▶ [Exercise requirements] Pictures should be left out while the data beneath this task is written out word for word.

▶ [Dataset excerpt]
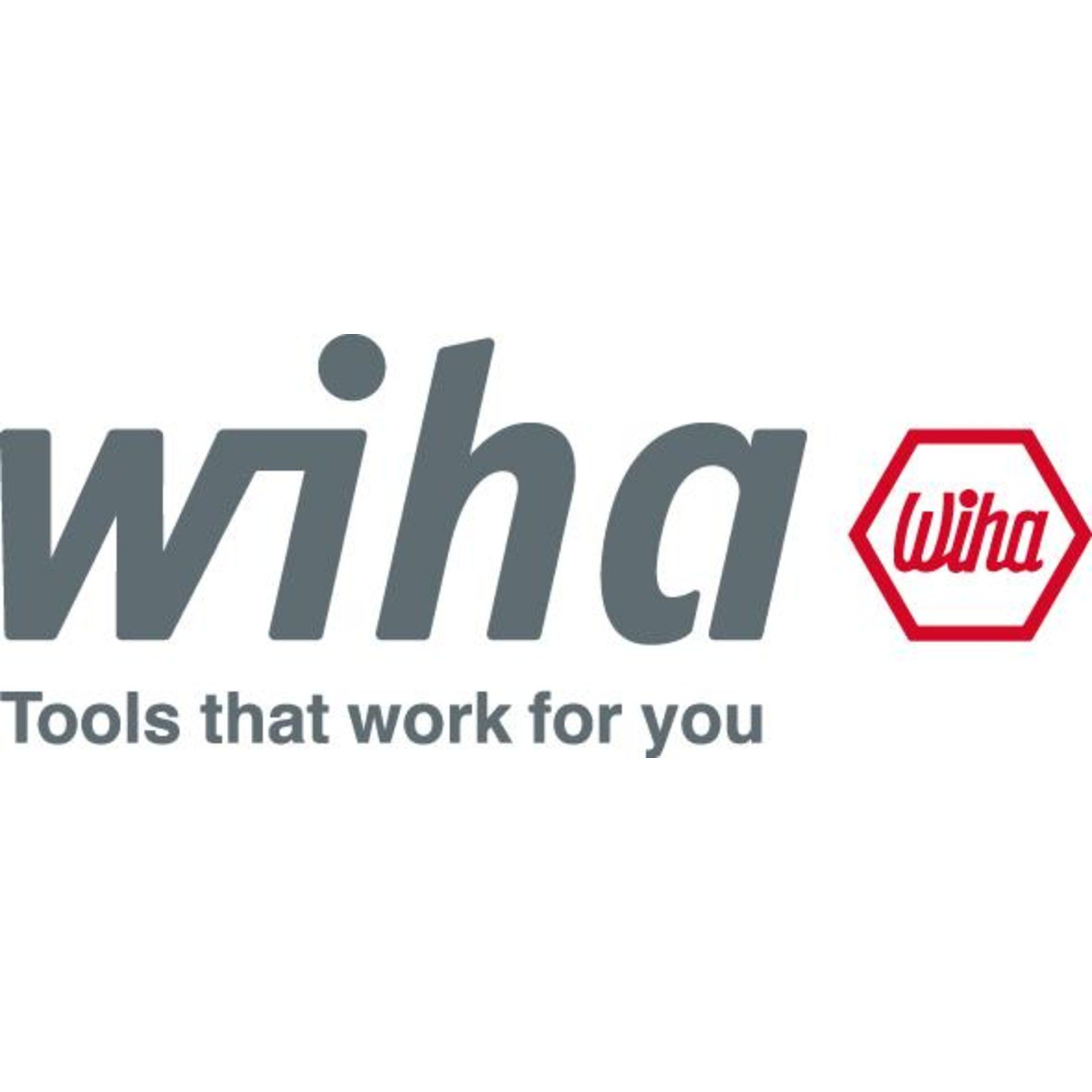 Wiha Winkelschraubendreher mit Haltefunktion 3mm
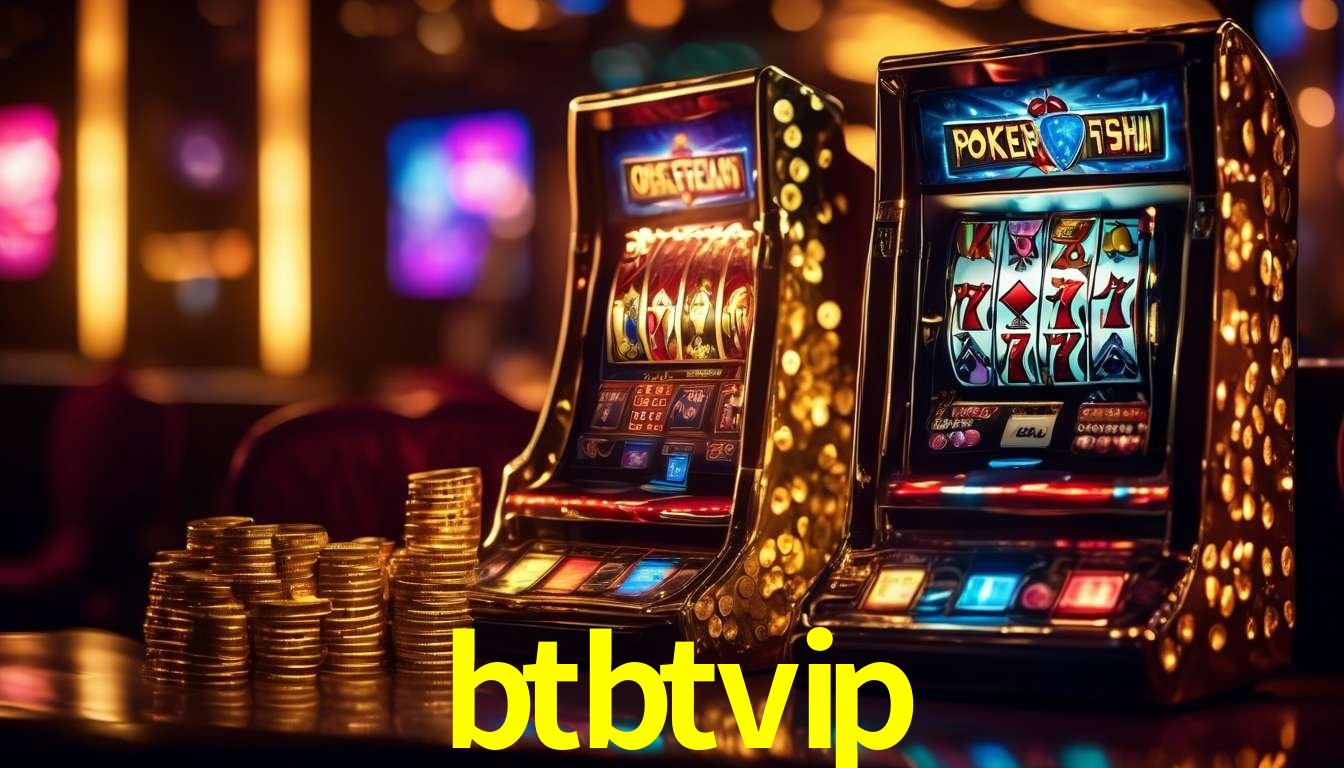 Provedores de Jogos btbtvip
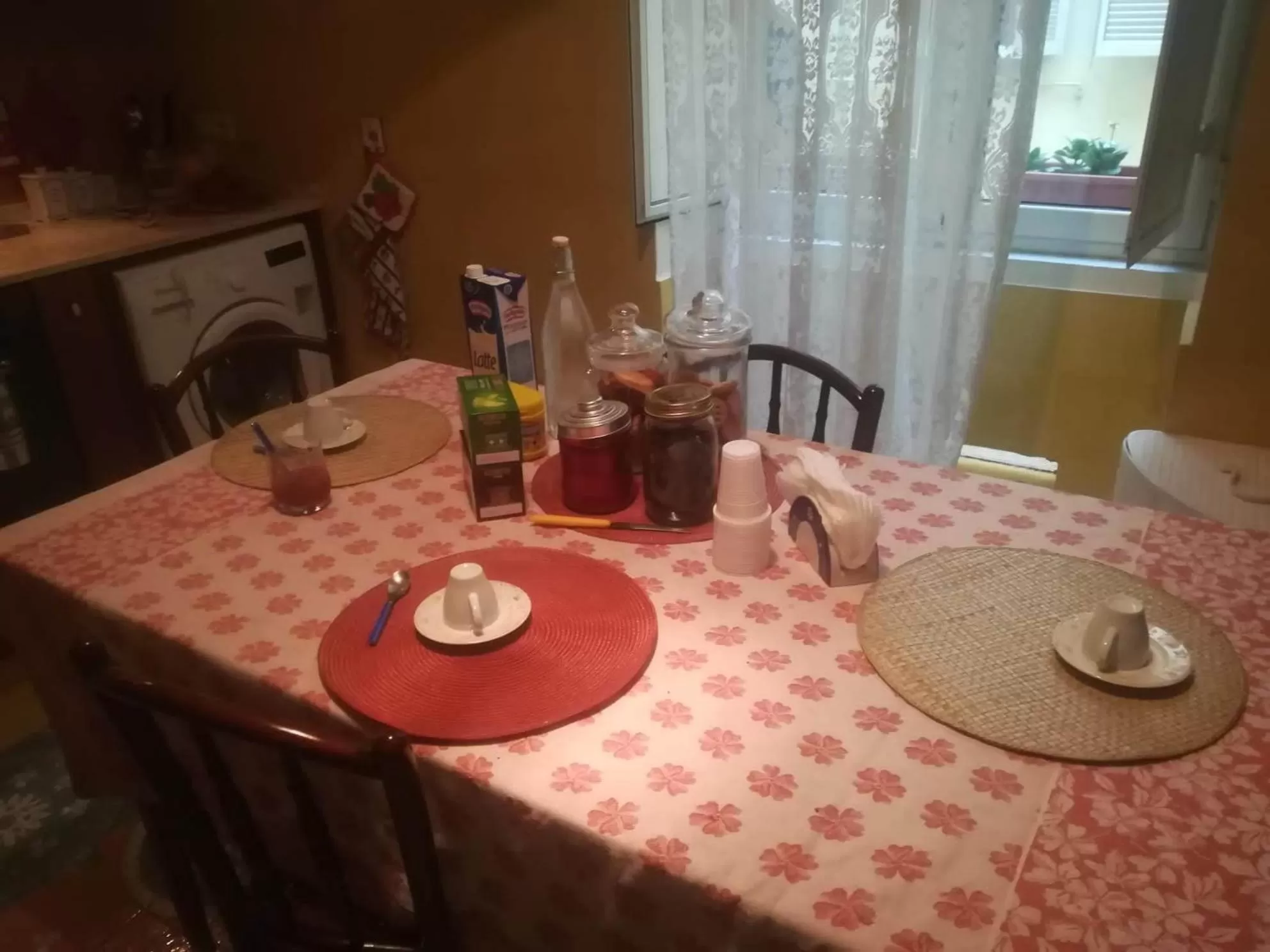 Dining Area in Salotto Sommer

▶ [Response box]
 Wiha Winkelschraubendreher mit Haltefunktion 3mm
 Provedores de Jogos btbtvip
 Dining Area in Salotto Sommer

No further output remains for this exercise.